At quarter end we had $12.5 billion of primary liquidity consisting of cash and investments and committed lines up from $10.7 billion at September 30th. Our loan portfolios and operations continue to generate very strong predictable free cash flow. This cash is principally generated from cash distributions from our securitization trusts, principal payments on our loan portfolios and other cash flows including net earnings.

For example, in the fourth quarter our securitization trusts generated cash flow of just under $600 million and principle payments on unencumbered loans totaled $360 million. This sizeable and predictable source of cash flow along with our term funding activity generated the ability to repurchase $3.4 billion in term unsecured debt in the year generating gains of $536 million. We expect to continue to pursue debt repurchases in 2010 by example, last week we completed a tender for just over $800 million of non-dollar denominated notes with maturities in 2010 and ’11 generating gains of $45 million.

On the lending side we originated $4.5 billion of FELP loans in the quarter and $21.7 billion in the full year, an increase of 14% and 21% respectively. In the fourth quarter we sold $17.6 billion of FELP loans to the department of education under the ECASLA programs generating revenue of $271 million. Today, we’re now servicing over two million of accounts under our Department of Education servicing contract we were awarded in June.

The FELP student loan spread in the quarter was 89 basis points and at yearend 91% of our federal student loans were funded for the life of the loan for long term in the straight A conduit facility. We originated $380 million in private credit loans in the quarter and $3.2 billion for the full year compared with $850 million and $6.3 billion in the fourth quarter and full year of 2008. The decline in originations this quarter and for the year are the result of changes to our underwriting requirements and an increase in the federal student loan limits as well as the company’s withdrawal from the non-traditional marketplace. The loans underwritten in the quarter had an average FICO score of 747 and 88% of loans made had a co-borrower.

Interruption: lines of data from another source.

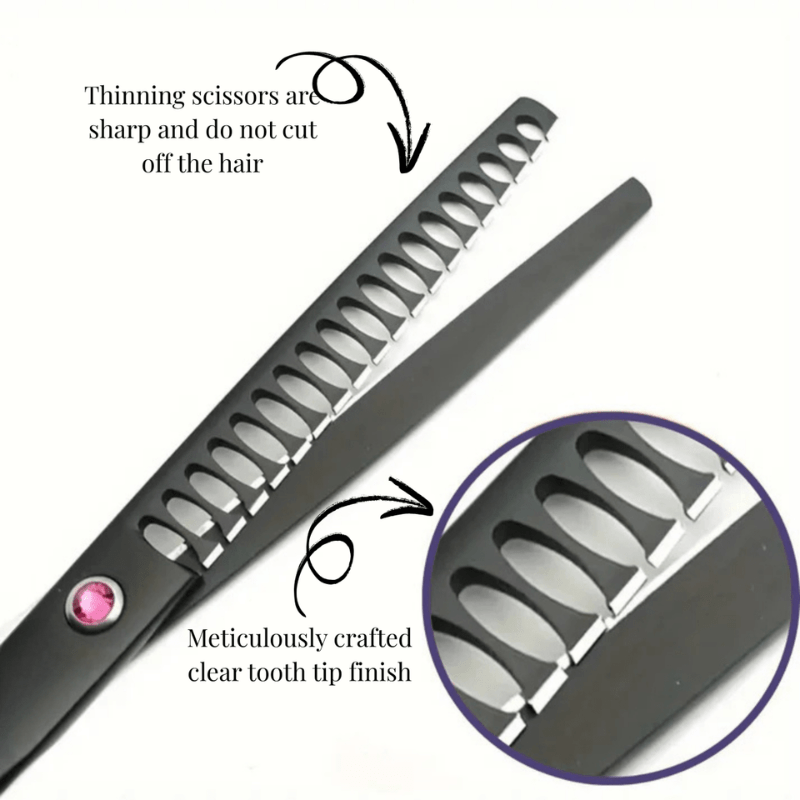 Dog Grooming Scissors Set, 4 Piece Pet Grooming Scissor Set with Thinning and Curved Shears, Dog Trimming Scissors_05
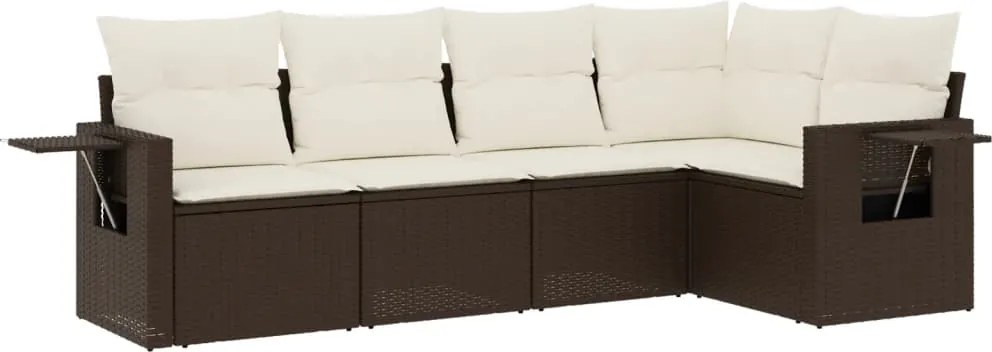 vidaXL Set canapele de grădină cu perne, 5 piese, maro, poliratan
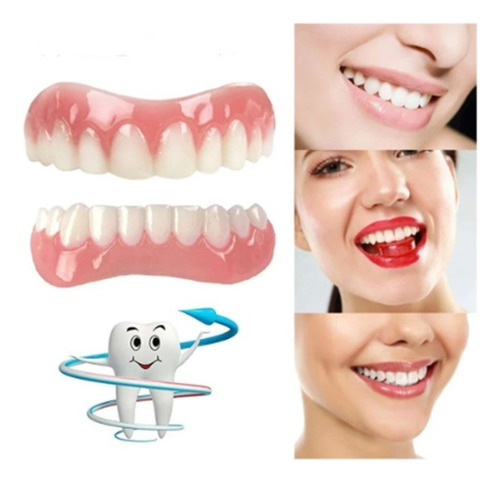 2 Set De Prótesis Profesionales De Silicona Brillante Dentes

Total equity at December 31st was $5.3 billion resulting in a tangible capital ratio of 2% of managed assets compared to 1.7% at September 30th and with 80% of our managed loans carrying an explicit government guarantee and 85% of all managed loans funded for the life of the loan and not subject to any additional collateral posting requirements we believe our capital levels are appropriate.

As I mentioned earlier we converted a portion of our outstanding Series C mandatory convertible bonds ahead of schedule. This was done in response to a reverse inquiry and while accounting rules require us to record a loss of $33 million on the transaction this quarter, the conversion will be both earnings and cash flow positive through December 2010, the mandatory conversion date.

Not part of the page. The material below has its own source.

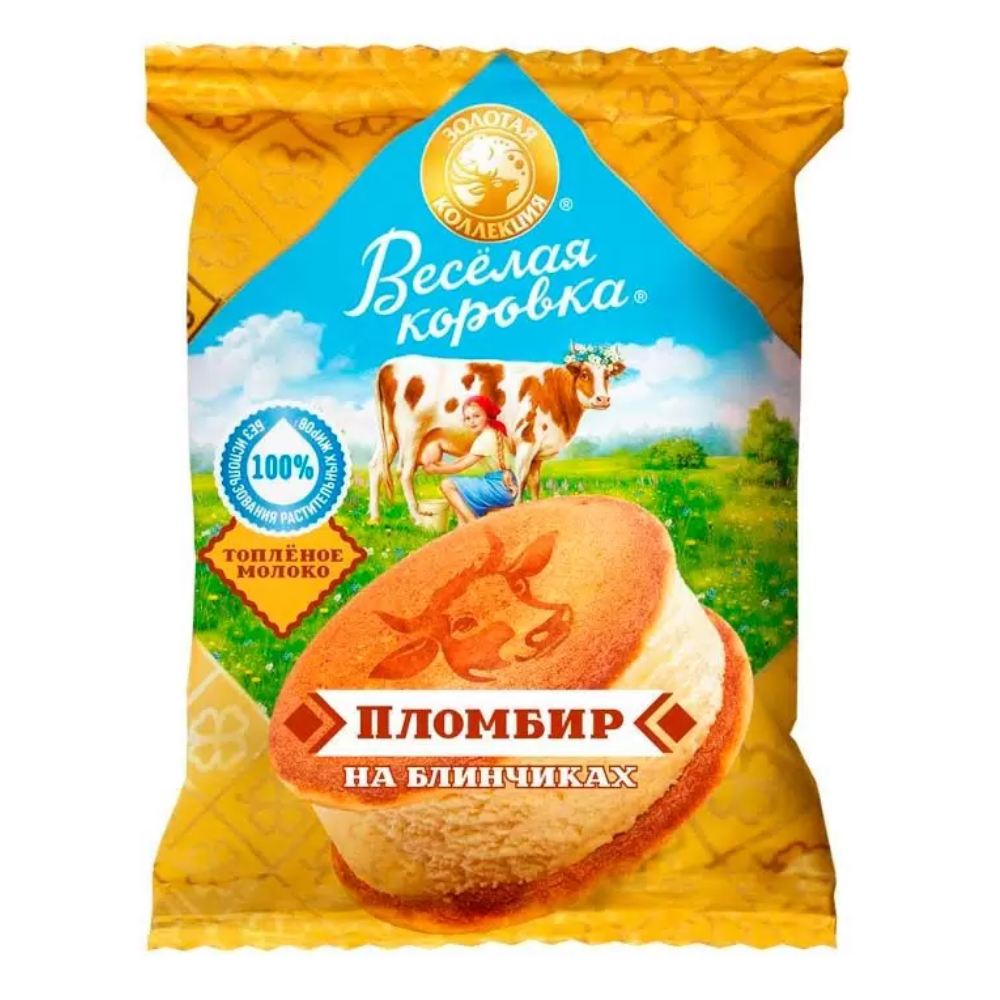 Мороженное Веселая Коровка Шин Лайн пломбир на блинчиках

We recorded fourth quarter GAAP net income of $309 million or $0.52 a share compared to a net loss of $216 million also $0.52 per share in the year ago quarter. For the full year 2009, we recorded GAAP net income of $324 million or $0.38 a share compared to a net loss of $213 million or $0.69 a share in 2008. Our GAAP results include unrealized mark-to-market pretax gains and losses on derivative hedging activity. This resulted, and you can see these swings just this quarter and year in a net gain of $167 million in the fourth quarter but a full year loss of $282 million.

The net impact of derivative accounting are recognized in GAAP but not in core earnings results. The GAAP provision for loan losses was $269 million for the quarter and $1.1 billion for the year. GAAP net interest income was $599 million for the fourth quarter and $1.7 billion for the year. Under GAAP the provision for loan losses and net interest income are based only on balance sheet loans plus core earnings figures are based on the total managed portfolio.

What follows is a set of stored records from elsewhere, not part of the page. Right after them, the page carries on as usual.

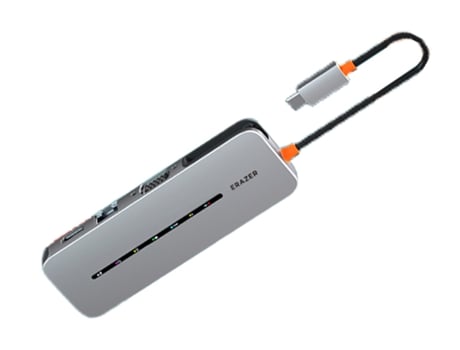 Adaptador ERAZER DC10 10In1 Tipo-C a 3Usb3.0 Rj45 1000Mbps HDMI VGA Pd Aux 3.5Mm Sd/TF para Huawei Mate40/P50 S20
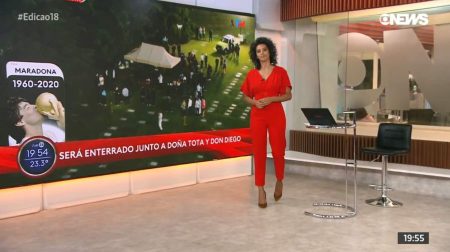 GloboNews erra informação sobre enterro de Maradona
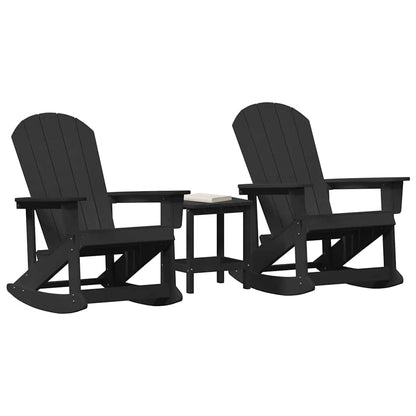 Tuin Lounge Set 3 pcs Zwart Medium 38 x 38 x 46 cm HDPE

2009 ended on a much brighter note than it started. Despite the environment there were a number of significant accomplishments during the year that position the company very well for 2010 and beyond. They include completing $28 billion in term funding for both FELP and private credit loans, extending our asset back CP facility at favorable terms for a multiyear period, winning one of four Department of Ed servicing contracts, launching an improved private credit product and substantially improving our underwriting and collections operations and exiting the mortgage purchase paper business.

For 2010 we see the following new FELP and private credit originations of $20.8 billion and $3.5 billion respectively, a lower private credit provision of $1.2 billion and a student loan spread in the mid 150s. Combined we expect to generate core earnings per share of $1.50 and with that I would now like to open the call to your questions.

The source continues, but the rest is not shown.